All AMD MB come with the standard AMD backplate and therefore will have the same threading. I just don't see the point in adding extra nuts and whatever thread you use on your bolts. I would have thought that machining a small area on the underside of your mounting bracket so that the standouffs do not foul your bracket to be cheaper than adding in the extra cost of machining your own rear-side nuts?


----------



## Optimus Water Cooling (Feb 7, 2020)

You make a very good point  We went that way for consistency of testing and performance. But we'll revisit if we need to in the future. Really, this is just about convenience, though easy install is important. We're working on some even more interesting types of mounting for future blocks, so we're definitely taking in all the feedback to make sure we have the best solutions going forward


----------



## TheoneandonlyMrK (Feb 7, 2020)

Optimus Water Cooling said:


> Good question. The issue with the AM4 backplate is there are standoffs that go through the motherboard and stick up on the other side. Unfortunately, those standoffs hit our bracket. There are probably 20 pages worth of discussion about this over at OCN, and the upshot is, while it seems like using the backplate would work, it's ultimately easier to use our standard solution.
> 
> That said, we're working on a slightly modified AM4 mounting system that really is only about convenience and not performance. And we'll send that out free to anyone who wants it.


Could you not counter sink hole each hole on the back of the Am4 bracket to allow the backing bracket fitted nuts to sink into it in use.
I have bent motherboards into oblivion in the past trying to get clamp pressure right with half rubbish setups(years ago in my PC nesbitry) admittedly my fault, but even recently using full cover blocks on this rig, initially I did not fit a rear bracket by accident onto the GPU when I added metal Tim, temperature variations suffered and my GPU hotspot temp became an issue, so I fitted the spring bracket back on and the temps were better especially the hotspot indicating more even and consistent heat transfer with the clamp.
I've drilled those nut stands out of a back mount, they're hardened and stubborn shits but if I had to I would do it again, because I prefer less flex tension all round, personally.
I like the look of your wares though and will consider them in the future.


----------



## lorry (Feb 7, 2020)

Optimus Water Cooling said:


> You make a very good point  We went that way for consistency of testing and performance. But we'll revisit if we need to in the future. Really, this is just about convenience, though easy install is important. We're working on some even more interesting types of mounting for future blocks, so we're definitely taking in all the feedback to make sure we have the best solutions going forward



i feel that anything that means that the MB backplate does not require to be removed advantageous. Also, for those that are more adventurous, say like @Bones that like to adapt and have the tools to do so, they should be able to mod as they wished anyway.

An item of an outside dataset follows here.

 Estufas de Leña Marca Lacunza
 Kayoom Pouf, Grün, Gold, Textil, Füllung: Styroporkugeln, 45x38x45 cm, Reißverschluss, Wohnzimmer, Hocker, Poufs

I understand what you are saying, but your thinking might limit your sales as well - I know that removing a backplate is hardly difficult but may put some off?
And as I said, if you used the AMD AM4 standard threading, it would lower your production costs somewhat, as there would be no need for any custom-made rear-side nuts



theoneandonlymrk said:


> Could you not counter sink hole each hole on the back of the Am4 bracket to allow the backing bracket fitted nuts to sink into it in use.



Exactly this And standard AMD AM4 threading would then make it a far easier mounting process, one that i could not see affecting your optimum mounting procedure, although there of course you are the obvious experts


----------



## Optimus Water Cooling (Feb 7, 2020)

All good points  The truth is the AMD block is so popular through just word of mouth we're working crazy overtime to keep up with demand. Yes, the mounting is different but the performance is where it's at. We'll revise the mounting in future versions.


----------



## VSG (Feb 7, 2020)

I will have to concur with the others. You have the benefit of the word-of-mouth hype for now, but when the first round of customers have already purchased your blocks, then other factors will come in to compete against less-expensive alternatives. Ease of installation is high on the priority list here, as is alternatives when it comes to aesthetics and customization.


----------



## Optimus Water Cooling (Feb 7, 2020)

Definitely! We're push performance-first designs to start. While also listing and already designing/building upgrades based on feedback. We definitely want to be the company that can move quickly and meet the community needs. We are a tiny company right now, so new features/changes will only get faster as we grow


----------



## lorry (Feb 7, 2020)

@Optimus Water Cooling sorry to be a pain about it but do you know what thread type and size it is that you use in your bolts please?
Just wondered, because if they are the same as the AM4, I may try and source another backplate and grind the standoffs down a little, that way the original backplate could still be used for other coolers still


----------



## ShrimpBrime (Feb 7, 2020)

Im not concerned with breaking boards with mounting hardware, but rather the actual clamping force provided with the plateless design.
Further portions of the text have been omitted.